New Report: Morality May Be the Key to Engaging Americans on Climate Change
As we’ve mentioned here before, 2015 was a pivotal year for the climate movement – in large part because faith leaders like Pope Francis helped reframe climate change as a moral issue. A new study by the Yale Project on Climate Change Communication found that this message could resonate well with Americans who are currently unconcerned about climate change.
In spring of 2015, before the Pope released his encyclical, around three-quarters of Americans thought of climate change as primarily an environmental issue – only one-third saw it as a moral issue. But most Americans also believe caring for the poor and protecting future generations is important. So in fact, their values support climate action, whether they realize it or not.
The moral argument is particularly important for Americans because our population is more religious than many other industrialized nations. Respondents to the study who fall under the category of “dismissive” or “doubtful” of climate change say they will reject a scientific explanation if it conflicts with their religious views – so for prominent faith leaders to not only express belief in climate science, but also call for urgent action is a big deal. In recent months, many people heard for the first time – from leaders they respect and trust – that climate change disproportionally impacts the poor, and that humankind must act in the name of social justice.

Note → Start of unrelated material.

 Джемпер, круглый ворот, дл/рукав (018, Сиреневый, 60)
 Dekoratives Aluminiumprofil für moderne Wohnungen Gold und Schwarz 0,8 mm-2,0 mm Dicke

As the authors of the study point out, the more clearly we can demonstrate that climate action helps both the poor and the environment (and will create a better world for future generations), the better we’ll be able to engage whole new segments of the American public.
By Connie Roser-Renouf and Edward Maibach of George Mason University and Anthony Leiserowitz, Geoffrey Feinberg, and Seth Rosenthal of Yale University
Our new report: “Faith, Morality and the Environment: Portraits of Global Warming’s Six Americas” explores Americans’ receptivity to a moral framing around the issue of climate change.
Over the course of 2015, we witnessed an evolution in public discourse on global warming. Typically discussed in the news media solely as a scientific, environmental or political issue, global warming is now being reframed as a moral and spiritual issue by religious leaders – most notably by Pope Francis. Americans are now hearing – often for the first time – that global warming will have severe impacts on the world’s poor; that it violates divine dictates on the treatment of nature; and that it requires a concerted response from all nations in the name of social justice and God’s will.
To explore Americans’ receptivity to a moral framing, in Spring 2015, before the Pope’s encyclical and visit to the U.S., we assessed the religious and spiritual values and beliefs of Global Warming’s Six Americas, six groups within the American public with very different views on global warming. We found that most Americans at the time did not view global warming as a moral issue. Only the most concerned groups – the Alarmed and Concerned – viewed global warming as a moral issue, and only the Alarmed viewed it as an issue of social justice or poverty. Less than a third of any segment said global warming is a spiritual or religious issue, and 40 percent said that their views on the issue reflected their core moral values only slightly or not at all.